3 Reasons Why Japan’s Youth Go Alcohol-Free
Alcohol use has been declining among Japan’s youth who are increasingly preferring alcohol-free lifestyles.
According to data from Suntory Holdings – a Big Alcohol giant worldwide – in 2019 reported in the Nikkei Marketing Journal, the market for nonalcohol and low-alcohol beverages such as beer and chūhai (cocktails made with neutral grain spirits and mixers) had quadrupled over the previous decade to 22.65 million.
Japanese people and specially youth are consuming non-alcohol or low alcohol beverages not simply as a substitute anymore, but because they like and choose this lifestyle.
When exploring reasons for this change, it can be noted that this is a global trend. According to Data from Health Survey for England every generation has consumed alcohol less regularly than the previous generation. And as Movendi International has reported, the alcohol-free and sober curious movement is being driven by the more health conscious millennial generation around the globe. What’s better is the generation after or the Gen Z is consuming less alcohol than all previous generations.
In a study by Ipsos titled “Global Views on Vices” respondents were asked to agree or disagree with how things will be ten years into the future.

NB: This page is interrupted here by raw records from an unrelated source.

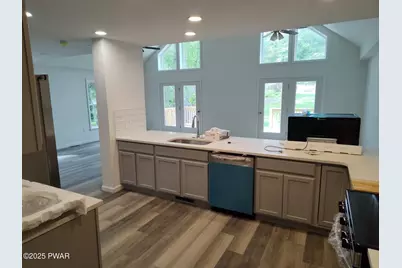 4409 Middleton Drive, Milford, PA 18337 - Photo 11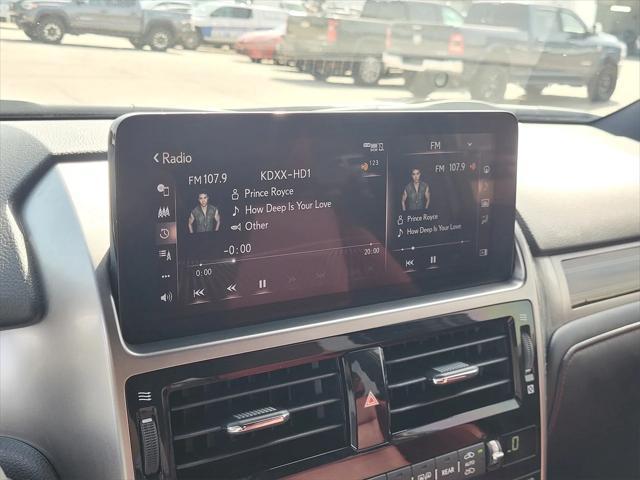 Photo of 2023 Atomic Silver Lexus GX 460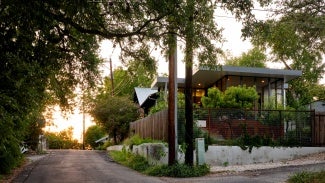 Completed in 2020, the home is a pilot project for the PHIUS 2018+ Source Zero standard and one of the first Passive House projects located in a hot, humid climate.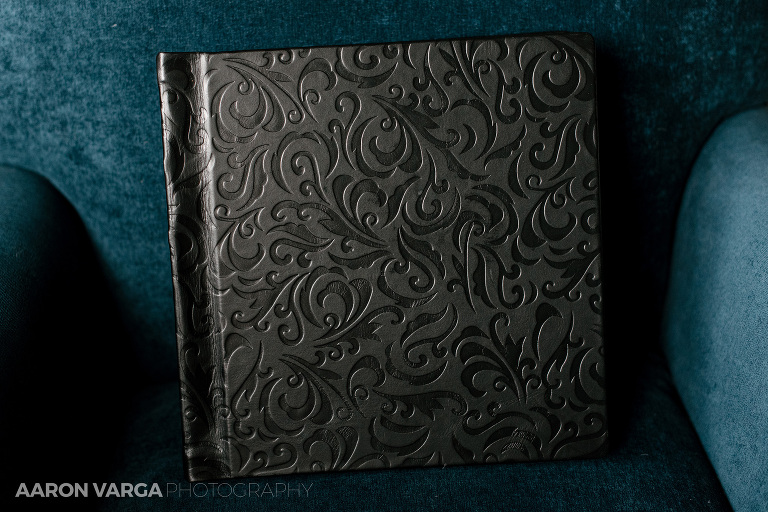 08 black leather album pattern finao(pp w768 h512) - Black Leather Wedding Album | Longue Vue Club Wedding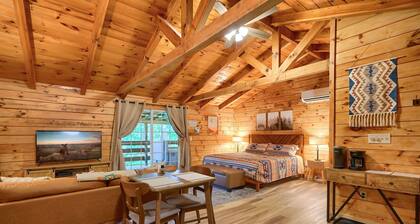 The Lakota: King bed + hot tub in Hocking Hills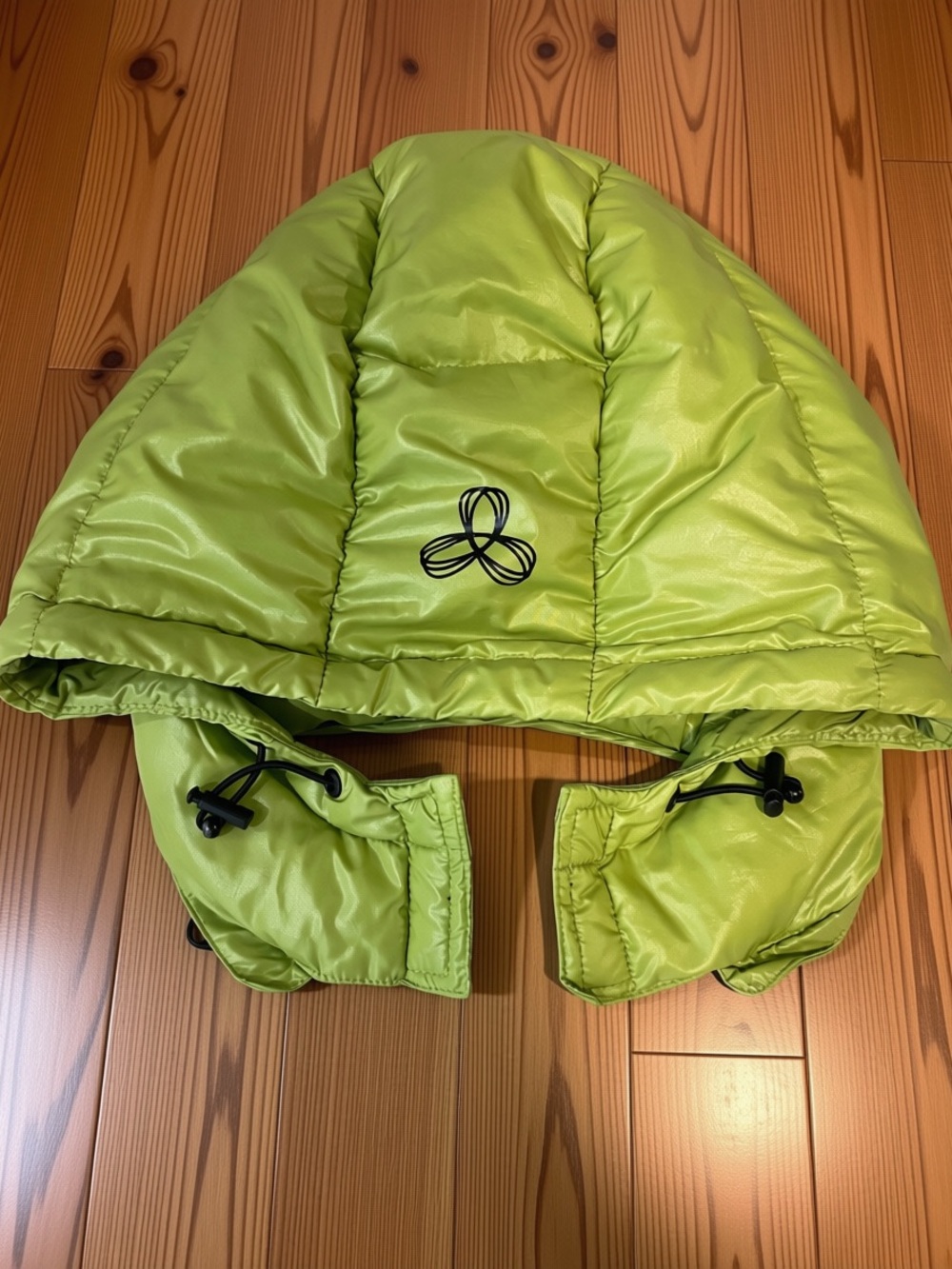 TNA Aritzia Superpuff size medium - Picture 3 of 9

In this study, Japanese participants ranked lowest for the following statements:
- “The variety of beer, wine and liquor available to consumers will be greater than today” – 27%.
- “Consumption of beer, wine and liquor will be higher than today” – 10%.
A 2016 survey on alcohol consumption by the Ministry of Health, Welfare and Labor found the largest demographic for alcohol consumption was men in the 50-59 age group, of whom 46.1% said they regularly consumed alcohol. The percentage declined with each age segment thereafter with only 10.9% in the 20 to 29 age category consuming alcohol regularly.
Waseda University professor Kenji Hashimoto said one reason for this is to do with personal economy. There’s an increasing number of nonregular company staff employed by worker dispatch firms or as part timers. These individuals have lower pay and benefits and they may prefer to cut the costs of alcohol.
Another reason is they are not a part of the harmful alcohol norm in Japanese work culture.
However, as Movendi International reported, the harmful alcohol norm at work of “Nomikai” is also seeing a change. As the working culture changes, pressurizing employees to consume alcohol is increasingly being seen as harassment.
For Japanese people over 35 and specially much older people of around 70 years the alcohol norms are still pervasive. Yet, the trend among youth for declining alcohol consumption and switching to the sober curious and alcohol-free lifestyle paints a positive picture for the future in a country with pervasive alcohol norm.
Better alcohol control policy measures in the country can ensure that this trend is sustained and supported. Reducing alcohol availability, increasing alcohol affordability and eliminating alcohol promotions would speed up the change of the current alcohol norm and would prevent and reduce alcohol harm – especially among older generations where the alcohol norm is still unaffected.